Calculate flags for every unit:

1. at least 20 completed trials
2. at least 1hz of mean activity during the fixation period
3. each 50-ms time bin during fixation with nonzero mean activity

Flags are calculated based on binned data (to mimic the paper).

In [1]:
import pandas as pd
import numpy as np
import csv
import matplotlib.pyplot as plt
import seaborn as sns

In [2]:
fig_folder = 'D:\\projects_q_30_10_2024\\isttc\\results\\monkey\\fig_drafts\\'
save_folder = 'D:\\projects_q_30_10_2024\\isttc\\results\\monkey\\fixation_period_1000ms\\'

In [14]:
def load_data(area_, verbose_=False):
    # binned data
    results_folder = 'D:\\projects_q_30_10_2024\\isttc\\results\\monkey\\'
    
    csv_data_file = results_folder + 'data_' + area_ + '_fixon_1500ms_fixation_with_empty_binned_50ms.csv'
    with open(csv_data_file, newline='') as f:
        reader = csv.reader(f)
        sua_binned_list = list(reader)
        
    n_binned_spike_trains = len(sua_binned_list)
    print('N spike_trains in {}: {}'.format(area_, n_binned_spike_trains))

    # # CREEPY STUFF BELOW!!!
    # # the data is binned using 1500ms of fixation period but for caluclation they used only 1000 second (why?)
    # # in some trials there are spikes in 1500ms but no spikes in 1000ms, those trials are not removed
    # # here I am removing them
    # sua_binned_list_no_empty = []
    # for idx, trial in enumerate(sua_binned_list):
    #     trial_spikes = np.asarray(trial[3:-1-9]).astype(int) # for 1000 calc
    #     if np.count_nonzero(trial_spikes) == 0:
    #         if verbose_:
    #             print('all 0! i= {}, removing...'.format(idx))
    #     else:
    #         sua_binned_list_no_empty.append(trial)

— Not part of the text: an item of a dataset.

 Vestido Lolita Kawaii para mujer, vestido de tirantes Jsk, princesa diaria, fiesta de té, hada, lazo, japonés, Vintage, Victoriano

    sua_binned_list_no_empty = sua_binned_list
    
    n_binned_spike_trains = len(sua_binned_list_no_empty)
    print('N spike_trains in {}: {}'.format(area_, n_binned_spike_trains))
    # END OF CREEPY STUFF
    
    # transform list to an array and to a dataframe 
    sua_binned_array = np.array(sua_binned_list_no_empty)
    sua_binned_array = sua_binned_array[:, :-1-9] # for 1000 calc
    
    bin_cols = ['bin_' + str(i) for i in range(sua_binned_array.shape[1]-3)]
    sua_binned_df = pd.DataFrame(sua_binned_array, columns=['unit_id', 'trial_id','condition_id'] + bin_cols)
    sua_binned_df = sua_binned_df.astype('int')
    
    n_binned_units = len(sua_binned_df['unit_id'].unique())
    print('n units {}'.format(n_binned_units))

    return sua_binned_df, bin_cols

In [15]:
sua_pfdl_df, bin_cols = load_data('pfdl', verbose_=False)

# at least 20 completed trials
unit_trial_count_df = sua_pfdl_df.groupby(by='unit_id', as_index=False)['trial_id'].count()
unit_trial_count_df.rename(columns={'trial_id':'n_trials'}, inplace=True)
unit_trial_count_more20_df = unit_trial_count_df.query('n_trials >= 20').copy()
n_units_trials_20 = len(unit_trial_count_more20_df)
units_trials_20 = unit_trial_count_more20_df['unit_id'].values
#unit_trial_count_more20_df

sua_pfdl_trials_20_df = sua_pfdl_df[sua_pfdl_df['unit_id'].isin(units_trials_20)].copy()
print(len(sua_pfdl_trials_20_df['unit_id'].unique()))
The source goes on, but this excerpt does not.